To start, Honeywell does use the ion Ytterbium 171+ as qubits, but also implement sympathetic cooling through Barium 138+. Sympathetic cooling[1] is a when two different species of ions are brought in close proximity, such that the Coulomb force couples between them. Typical laser cooling turns on some resonance of the ion, exciting optical transitions, which brings down the motional state of the ion in exchange for creating more noise on the qubit states. However, sympathetic cooling does not directly cool the qubit ion, resulting in a more coherent ion. While stationary ions have somewhat manageable heating rates, this technique is all but required when you want to preserve qubit states while moving the ions to physically different locations on a chip trap, a process typically referred to as shuttling.

This Honeywell system is implementing merge/split using their in-house built chip trap, which seems to have 198 DC electrodes to do the task. On their chip trap, there were several designated regions as “gate zones”, where quantum operations would be carried out, as well as “transport zones”, where the ion would be shuttled. I’m not entirely sure if those zones are purely virtual zones for ease of programming the FPGA, or if there is a different density of DC electrodes that would be able to more smoothly generate waveforms that would allow transfer of ions from one region to the next. Also, perhaps there are high-fidelity and low-fidelity regions of control on the chip trap, in order to optimize between having a reasonable number of control boards while having good electronic control. It would also be interesting to understand how their laser system is working behind the scenes – whether they still have a large DOE to target all of the potential regions of ions, or if they just have something like 4 targetted beams at 4 locations, and need to move the ions to one of those locations to do the necessary gate operation.

The authors note that Ytterbium and Barium ions are always paired in these circuits, as either Ba-Yb-Yb-Ba or Yb-Ba-Ba-Yb configurations, but the authors do not remark on if there is any significant difference between these two configurations, nor does it seem like they mention about how they choose which configuration to load. The authors do say that they always move Yb-Ba pairs together, and are able to split a 4-ion crystal into a 2-ion crystal. I’m sure that there must be interesting work being done to confirm that one of these configurations are properly loaded, but the details seem pretty skimpy here. One interesting aspect that the paper does mention is in using a physical sqap of the qubits to avoid logical swaps. I’m not entirely sure what this entails, because it seems to me that all of the ions in their chains should be all-to-all connected. Therefore, it doesn’t make sense to have logical overhead to swap a qubit from one ion to another. That process does seem like it would take up logical overhead, but I’m just not seeing the application, unless if they are admitting that their connectivity map is weaker at the edges than at the center. They note that doing these transports will on average “add less than two quanta of heating axially”, although again do not really show any figures or document any procedures to measure this. Also, since it wasn’t clear to me on my first read through, it appears that there is at minimum two of these four-ion chains that are being loaded in the system. They say that there are two gate-zones that each have one of the four-ion crystals, although they don’t specify which zones they are using (my guess is the central two zones). That puts a minimum of four beams for cooling Yb, four beams for cooling Barium, and four beams for Yb gates.

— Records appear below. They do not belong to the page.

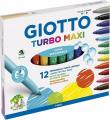 Opakowanie Markery Turbo Maxi 12 kolorów GIOTTO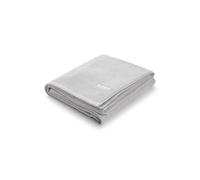 BOSS Cotton bath sheet with contrast embroidered logo - Style EDGE Blush Bath sheet 100, BSHT-EDGE Silver ONESI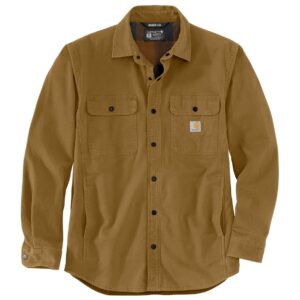 חולצת ג'קט קנבס עם בטנת פליס Carhartt Rugged Flex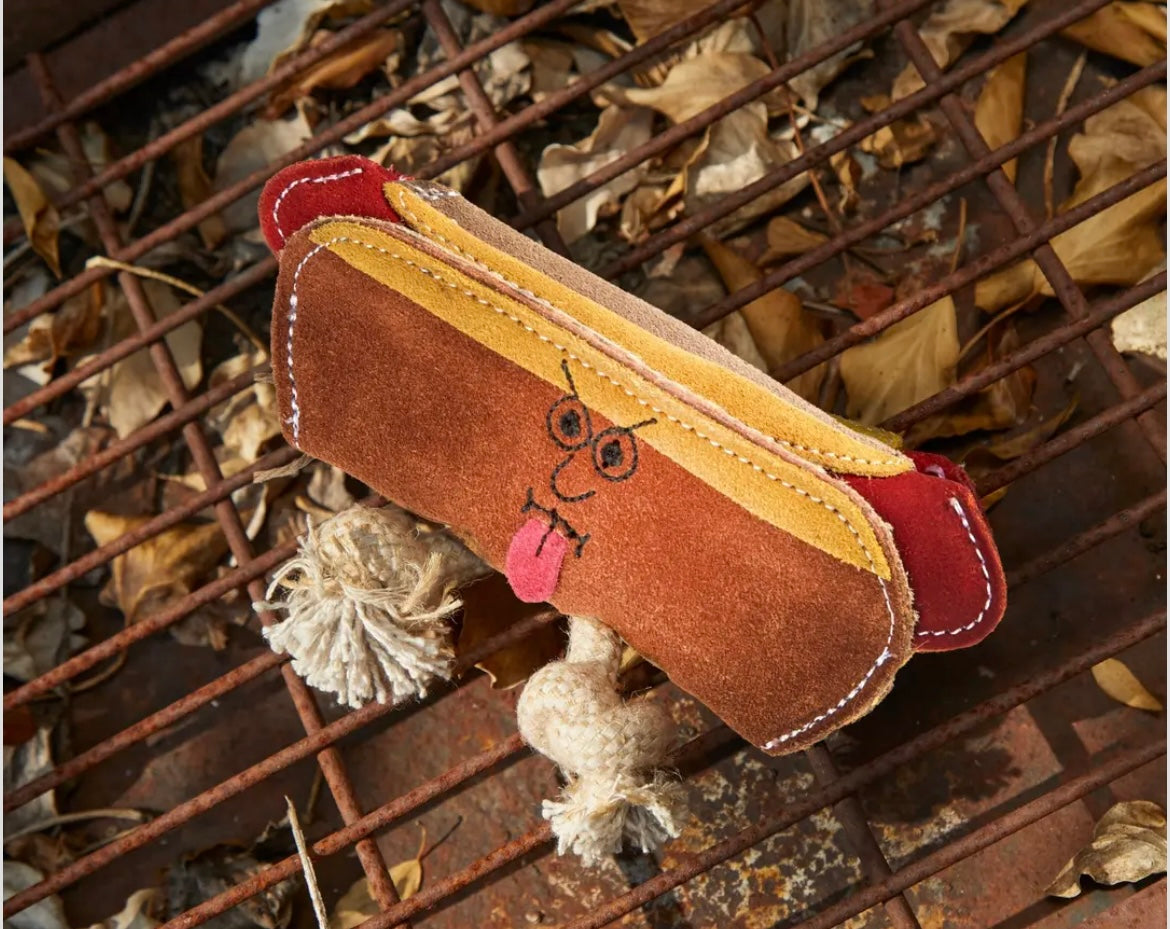 Green & Wild’s~Harry The Hotdog~Eco Dog Toy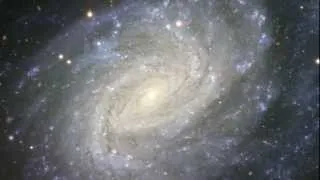 Panning across a new VLT image of the spiral galaxy NGC 1187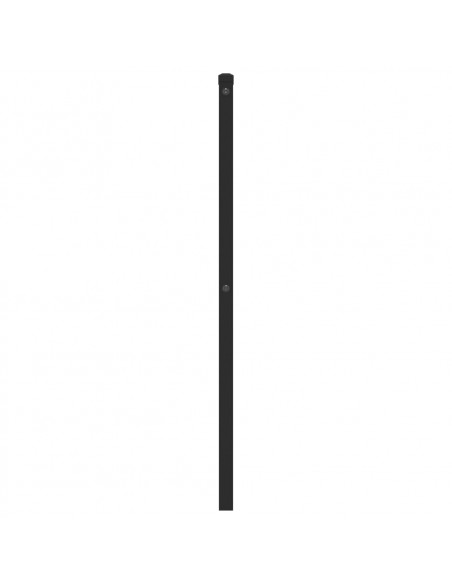 Testiera in Metallo Nero 107 cm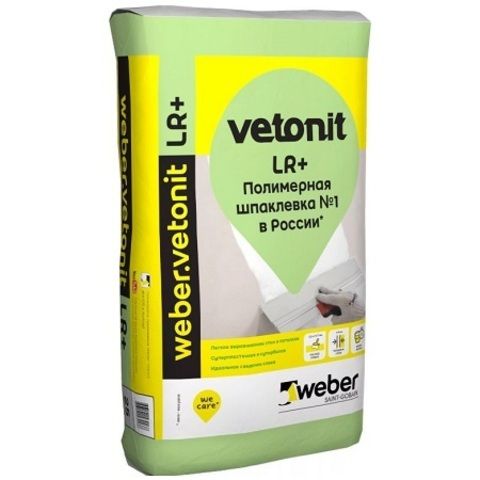Шпатлевка полимерная Weber Vetonit LR+ / Вебер Ветонит ЛР Плюс
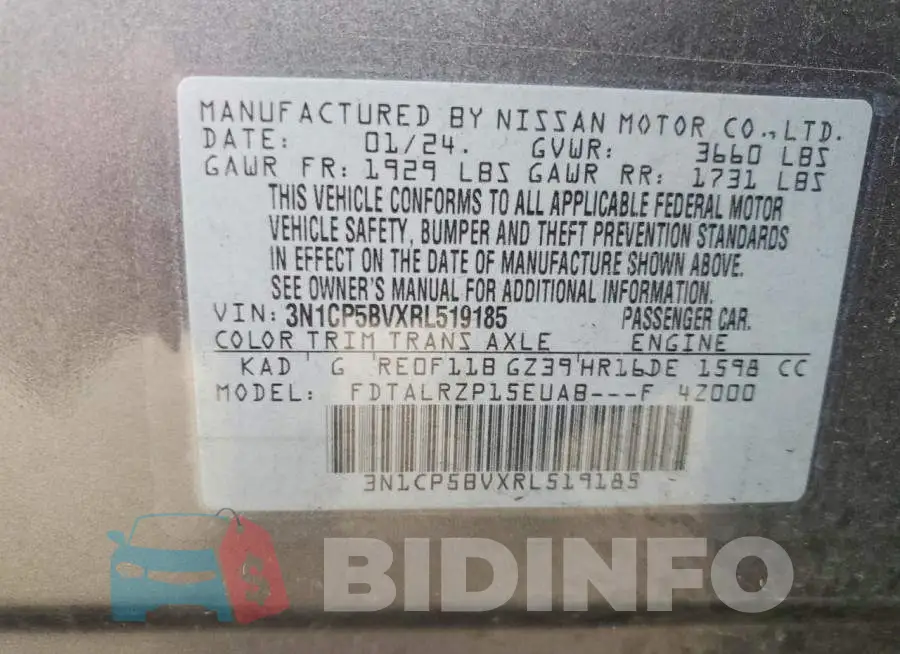 3N1CP5BVXRL519185 Photo# 13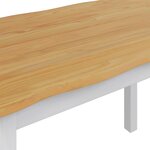 VidaXL Table de salle à manger / Table de repas EKAI Blanc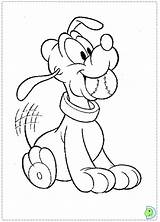 Pluto Coloring Pages Mickey Mouse Disney Baby Christmas Dinokids Printable Getcolorings Getdrawings Colorir Para Drawing Colorings Close sketch template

While it is somewhat buried in the paper, it is interesting to note that Honeywell is also doing all of these operations inside a cryostat at 12.6K, meaning that they have probably engineered something to reduce the dampening of the compressor on top of the cryostat, or that this steady vibration seems to not have affected the performance of the system significantly. This paper notes that going to cryo does help in suppressing anomalous heating, although there are no plots of any measurements of that either. Another thing that seems very quickly breezed through is that it seems like they are using a microwave antenna/horn to do … something. While microwave horns have been proposed since the 90s to do spin-spin interactions, it appears that they are using it to suppress memory errors through “dynamic decoupling” in this system. They apply paired pulses with opposite phases during cooling, possibly similar to something like a Hahn echo that is applied globally.

The paper makes an interesting note about state preparation and measurement errors, commonly referred to as SPAM errors. The interesting part is how quickly the brush it aside, saying that their theory model bounds state prep errors at 10^-4, while their solid angle of the photon detectors limits the measurement errors to 10^-3. This seems… odd, putting either bounds on their imaging lens numerical aperture, or that their discrimination between their bright and dark states is not particularly strong. I’m not really sure how to interpret this.

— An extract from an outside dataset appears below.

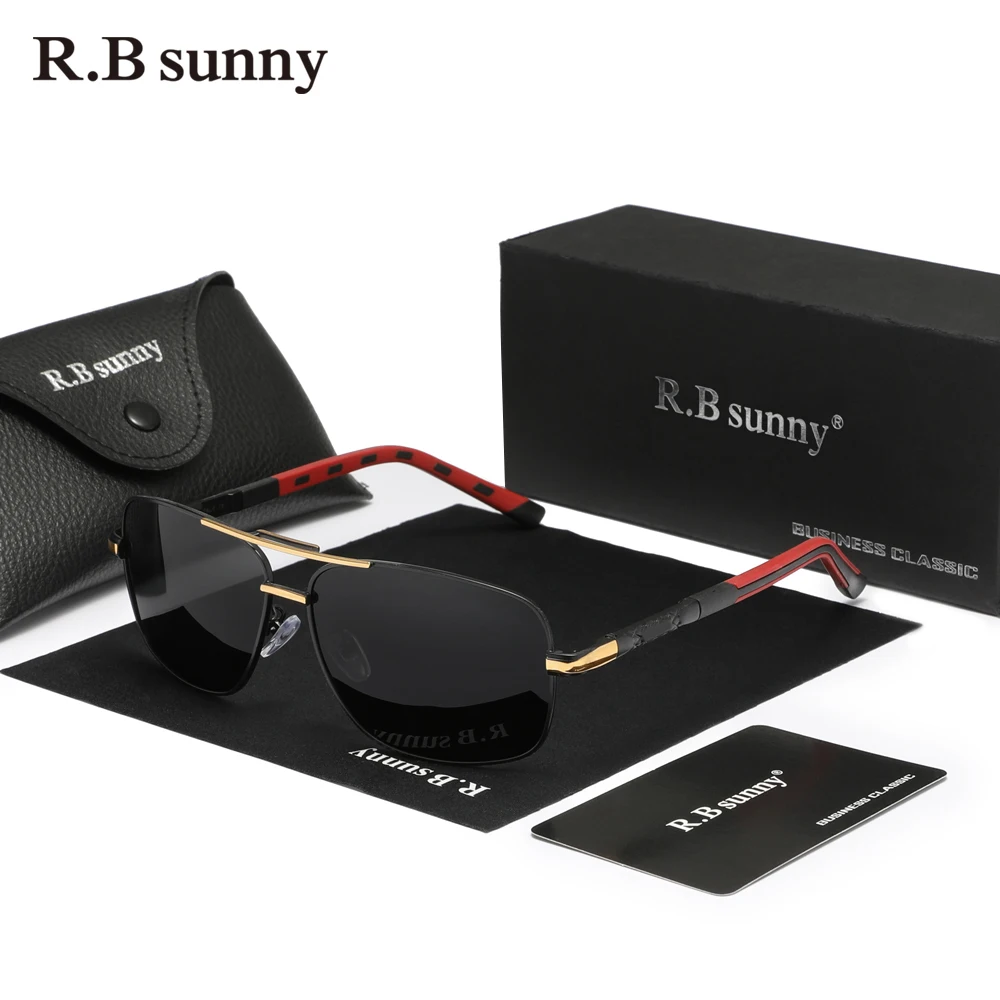 rbbunny-novos-oculos-de-sol-de-aluminio-dos-homens-marca-piloto-polarizado-moda-feminina-quadro-retangulo-oculos-conducao-esportes-uv400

Finally, we get to some of the conclusions that the paper presents, in terms of benchmarking the system. Right now, there is quite a proliferation of different benchmarking schemes available throughout quantum computing, from Google’s linear cross-entropy benchmarking fidelity [2], to using single- and two-qubit gate fidelities, to directly measuring SPAM errors, to using quantum algorithms with known results (such as Bernstein-Vazirani and Hidden Shift). This paper uses a combination of Randomized Benchmarking (RB), which executes n-1 random Clifford gates, along with one final Clifford gate that would effectively “undo” all of the previous rotations, as well as IBM’s Quantum Volume (QV) method [3]. This QV measurement seems to be rather similar to the RB method, in terms of randomly executing gates, although I think it is not limited to Clifford gates, and the paper notes that for n=4, there were always exactly 24 two-qubit gates. To obtain a QV of 2^n, the system must run O(n) gates on n qubits, and correspond to a classically simulated version of those circuits greater than 66% of the time, with a 2-sigma confidence level. This raises a bunch of questions, such as: What happens when n is so large that it is no longer possibly to do the classical simulation? What kind of gates are typically run for this? How do you determine how many tests to run total? (The Honeywell team runs 100 random circuits here, without much discussion of why this is chosen.)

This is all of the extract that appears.